不動産トピックス
今週の一冊
2023.09.25 10:54
築地市場の文化、歴史、建築を膨大な写真とともに紹介
築地考
著者:杉山 圭
出版:建築資料研究社
発行:2023年9月1日
価格:6930円(税込)
本書はクリエイティブディレクター、アートディレクターとして活躍する著者が、2016年から築地市場最後の数年間の記録や街の発展を、膨大な撮りおろし写真とともに考察していく一冊。
江戸時代、埋め立てによって誕生した土地の成り立ちから、旧汐留貨物駅を通じて全国各地から魚が届けられた往時を振り返りつつ、築地市場独特の風土を紹介。貨物駅からの輸送効率を最大限に生かす扇形の建物は、バウハウス様式のモダニズム建築の集大成ともいえる。

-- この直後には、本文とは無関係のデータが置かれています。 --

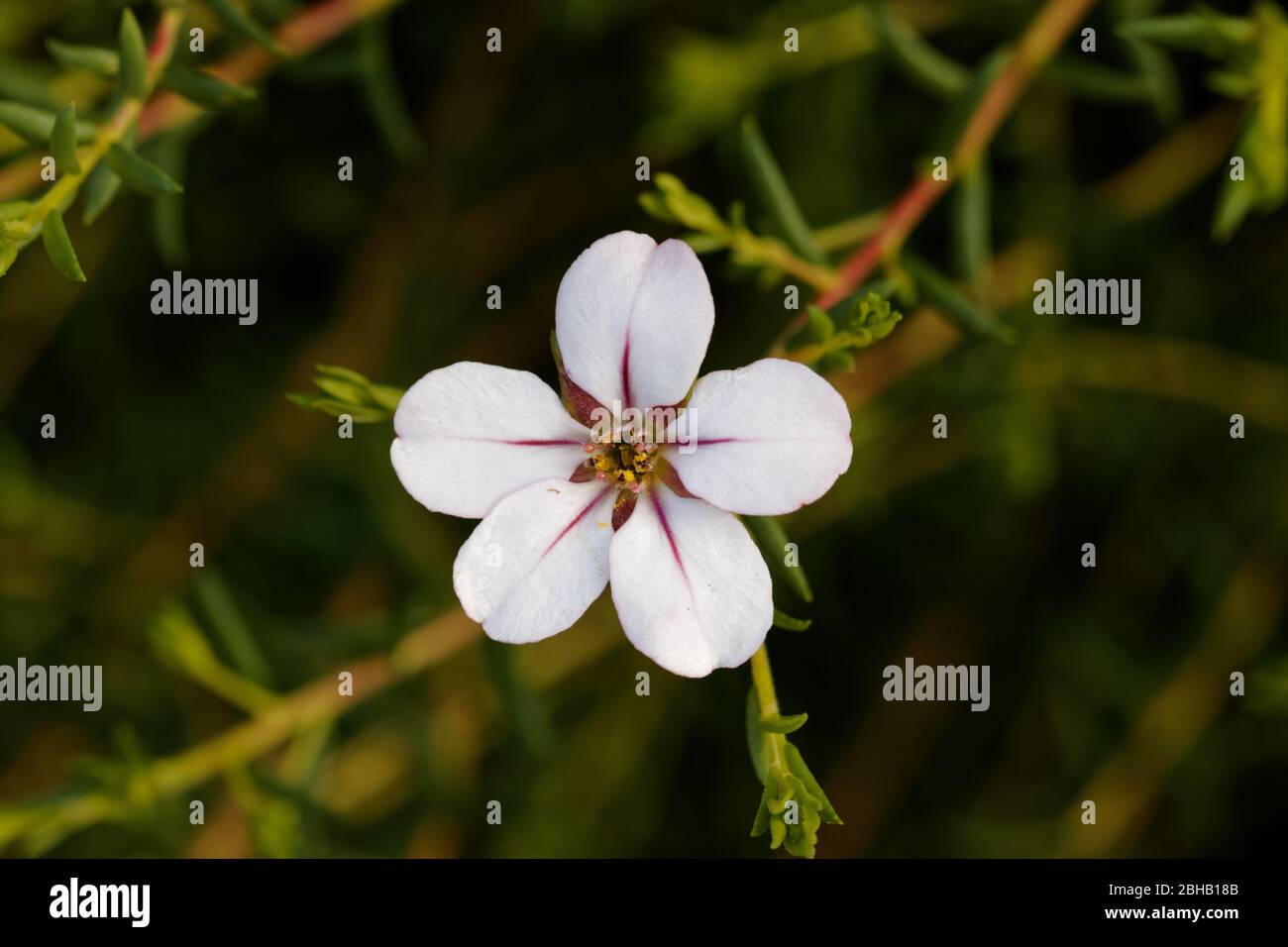 Adenandra uniflora. The flower has five rounded white petals, the glistening white resembling porcelain, with a suffusion of red along the veins. Stock Photo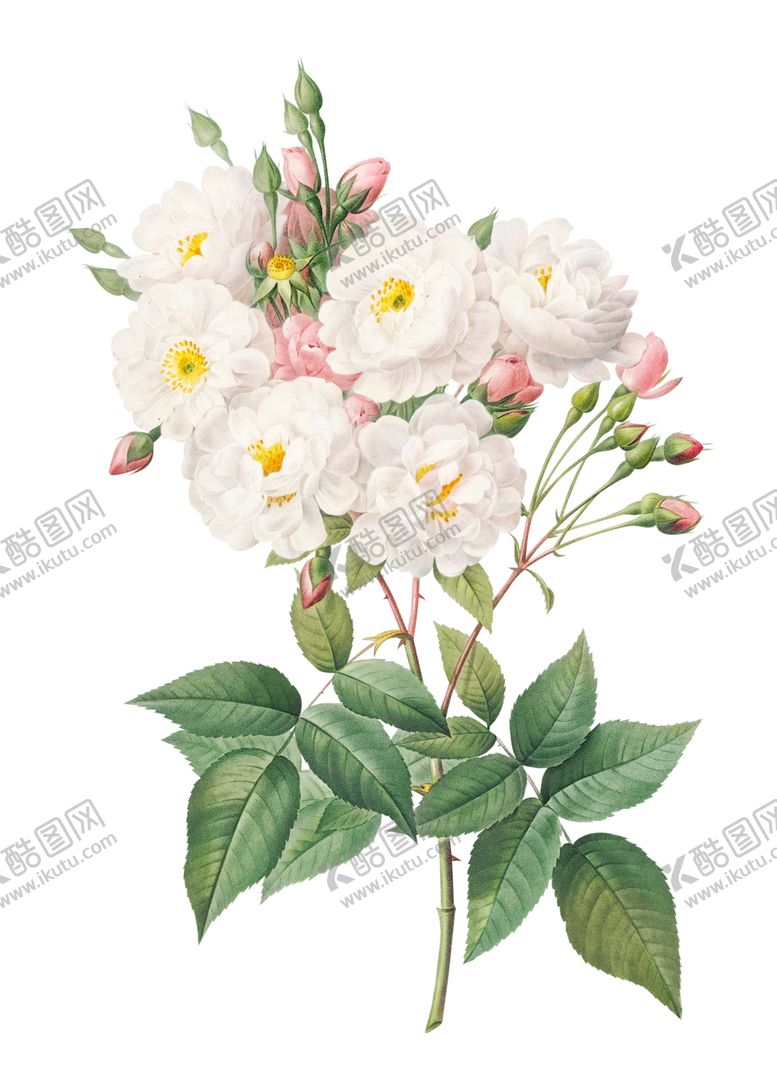 编号：51952801260730529330【酷图网】源文件下载-白色花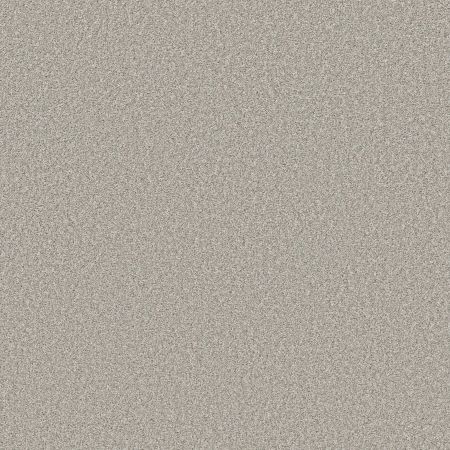 Shaw Floors Prevalent Wool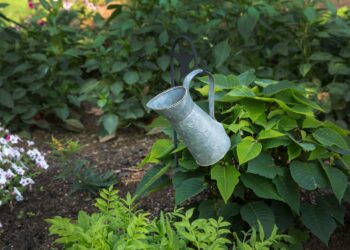 gray watering can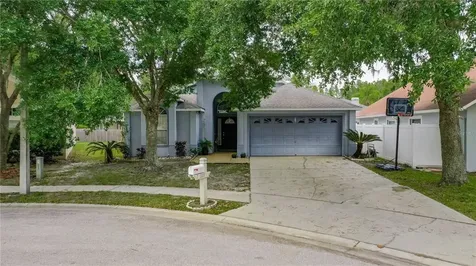29229 Birds Eye Drive Wesley Chapel FL 33543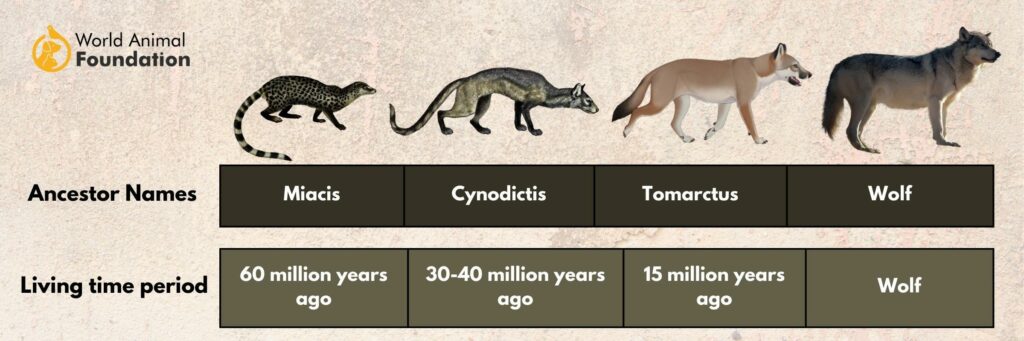 Dog Domestication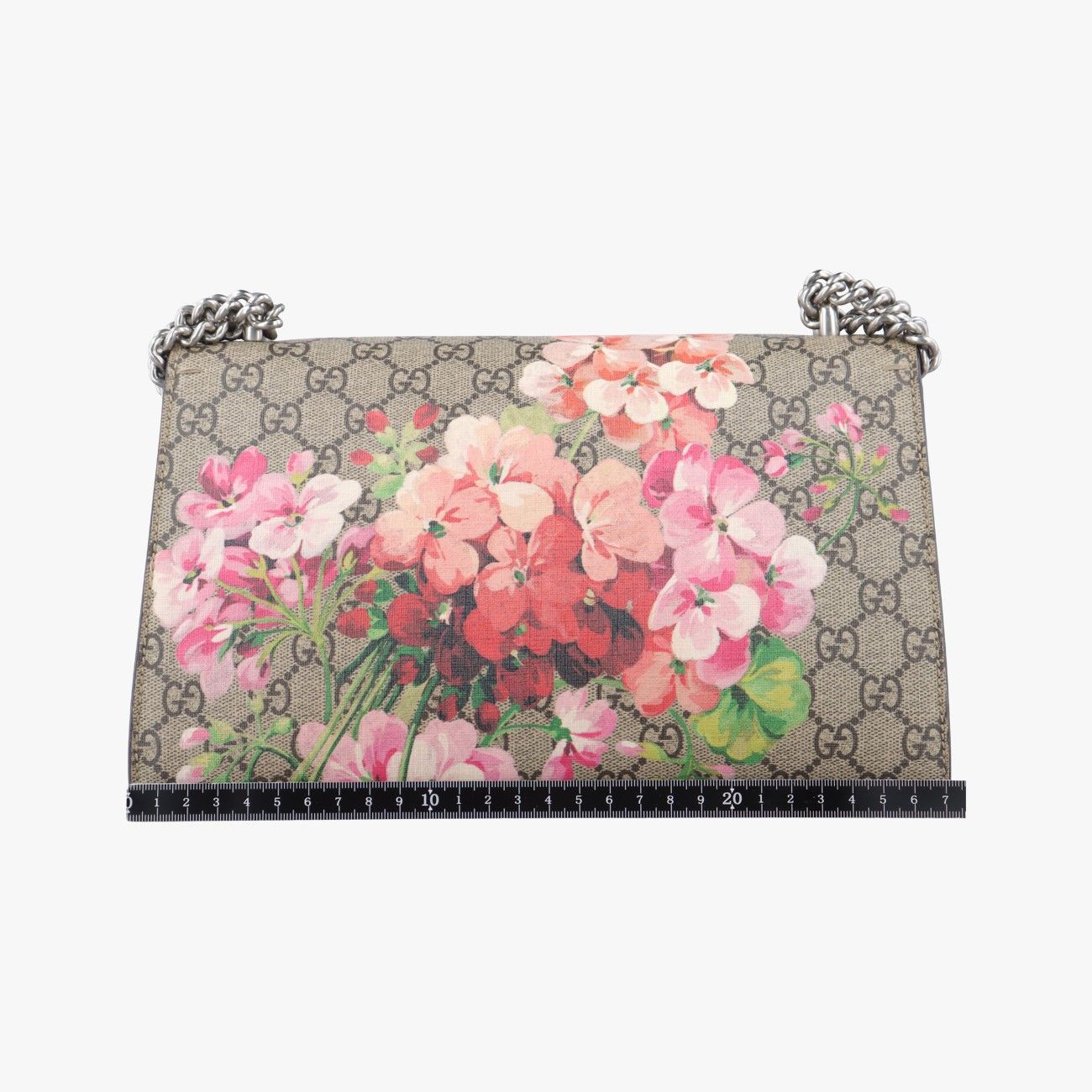 グッチGucciディオニュソス ベージュ×レッド×マルチ PVCコーティングキャンバス 400249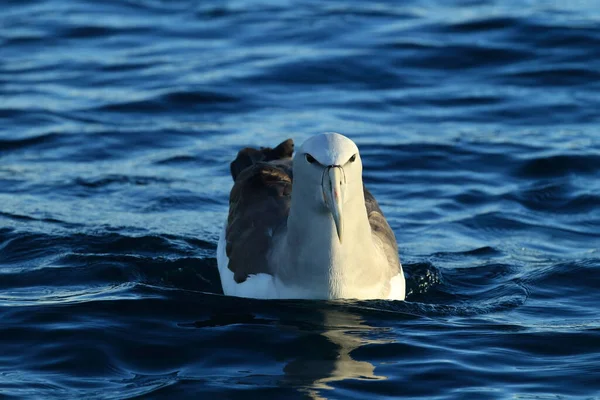 Albatros Salvin Thalassarche Salvini Mar Nueva Zelanda —  Fotos de Stock
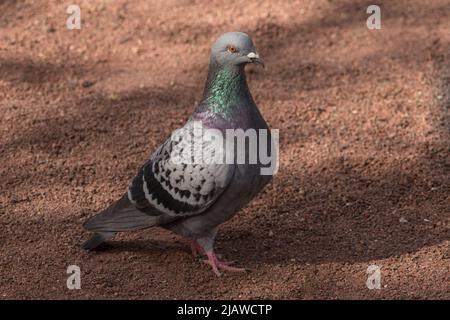 Un seul pigeon mâle ou une colombe de roche en plein air dans un parc Banque D'Images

真っ白な板に筆で屋号を記した看板文字は、築地文化を代表する職人技。市場の機能は豊洲に移転したものの、築地には場外市場が営業中で、休日ともなると国内外の観光客で大いに賑わう。築地の文化、歴史、建築の魅力がつまった本書を片手に街歩きをしてみれば、築地の今と昔を学ぶ機会にもなるだろう。